Она бросила взгляд на стопку использованных стаканчиков, вставленных один в другой, и припечатала:
– Ага! Это что, все за сегодняшний вечер?
– Ну… в общем-то, да.
– Угу… Как вас вообще на части не разнесло, удивляюсь! Кофе тут хороший, настоящий. С кофеином. Который в вашем случае должен быть строго дозированным!
– Бальзак тоже пил очень много кофе, – попытался оправдать свою жадность к халявным напиткам я.
– Я в курсе про Бальзака. Еще он страдал ожирением и очень мало двигался! Да и как писатель он мне не очень!
– Просто он уже не в тренде, как сейчас говорят. А вообще писатели все мало двигаются… мне так кажется… работа такая. И потом, вы сами сказали: лежите, не двигайтесь, – попытался пошутить я. Но она только хмыкнула, подняв вверх тонкого рисунка, но тоже какие-то восточные, как и глаза, брови и велела:
– Давайте померяем. Ага, уже лучше… верх сто семьдесят!
– А какой должен быть?
– А какое у вас рабочее давление? Знаете?
Я пожал плечами:
– Никогда не интересовался, наверное, как у всех…
– У всех – разное, – отрезала она, но затем смягчилась: – Вы совершенно себя запустили. Сердце, смотрю, тоже пошаливает. Сколько вам лет, Лев Вадимович Стасов?
– А это не праздный интерес? – Мне явно полегчало, если я уже зачем-то пытался флиртовать с салатовыми штанами.

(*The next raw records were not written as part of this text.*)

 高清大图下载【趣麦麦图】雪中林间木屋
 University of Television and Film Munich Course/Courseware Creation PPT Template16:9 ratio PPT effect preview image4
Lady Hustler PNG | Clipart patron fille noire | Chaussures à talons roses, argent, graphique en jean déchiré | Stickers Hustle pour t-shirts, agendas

– Совершенно не праздный, – заверила доктор с восточными корнями. Теперь эти корни явственно просматривались в изяществе ее пальцев с ненакрашенными, коротко остриженными ногтями, безупречно овальными. Голос же был, напротив, безо всяких скруглений – сплошь острые грани и углы. – Я должна заполнить карточку вызова.
– Сорок пять, – ответил я, глядя, как она споро собирает использованные шприцы и пустые ампулы.

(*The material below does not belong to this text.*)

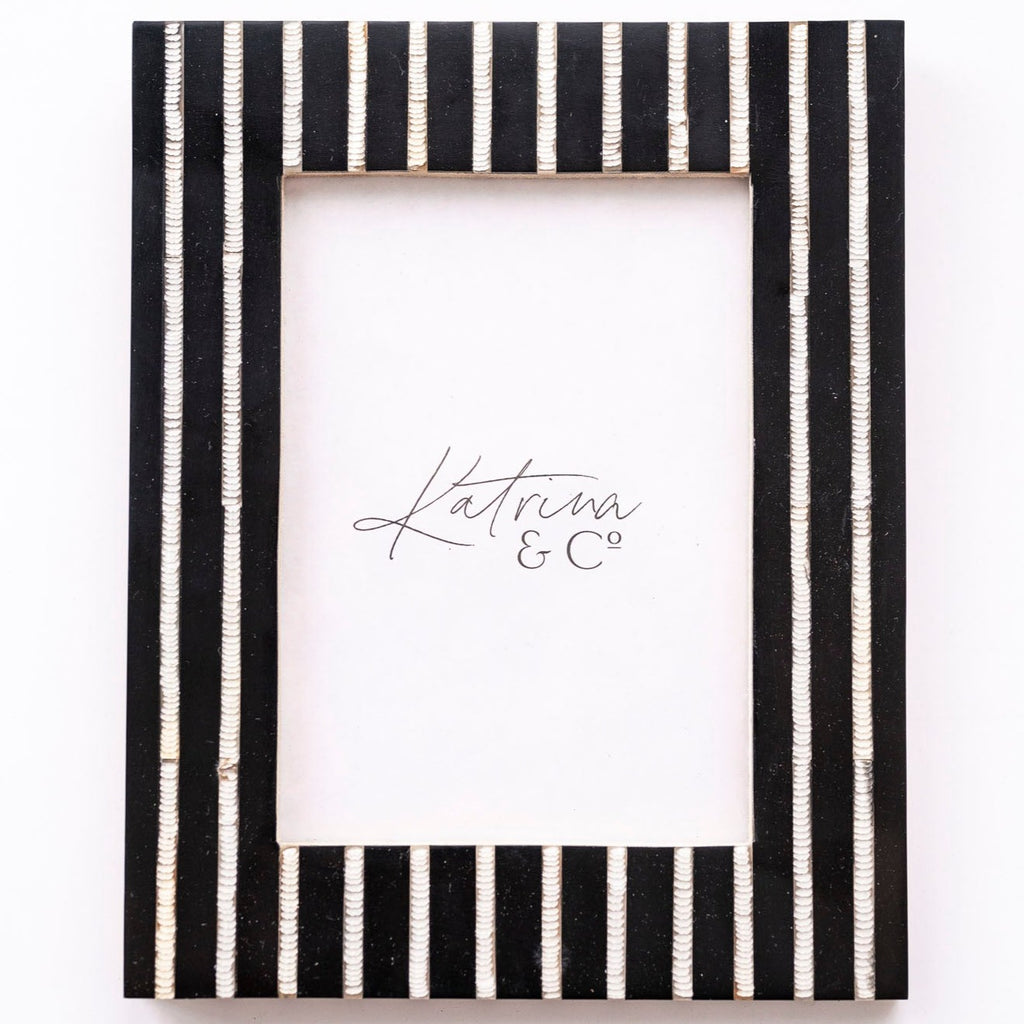 Black and white resin and horn photo frame 5x7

– Обычно в этом возрасте все и начинается! – заверили меня.
Мир номер два. Вымысел. Три желания
Волк выскочил из-за дерева внезапно. Красная Шапочка охнула. Обычно Волк поджидал ее километра через два, в чаще, и поэтому она шла, беззаботно размахивая веточкой и сдвинув бейсболку козырьком на затылок.
– Ты что ж себе позволяешь? – злобно прорычал Серый.
– А?… – пискнула Шапка. Хотя Рыбка теперь обреталась у нее, на мгновение ей стало по-настоящему страшно.
– Ты свою бабку за Кощея выдать не хочешь? – издевательски осведомился Волк. – Хорошая была б парочка! Обое, блин, бессмертные! Чё такое? У меня все графики к чертям летят! Я что, по сорок раз на дню это чудо нафталиновое жрать должен? Чума! Ты ей намекни, чтоб она хотя бы меновазиновой растиркой не пользовалась!
– У нее радикулит! – с вызовом сказала Красная.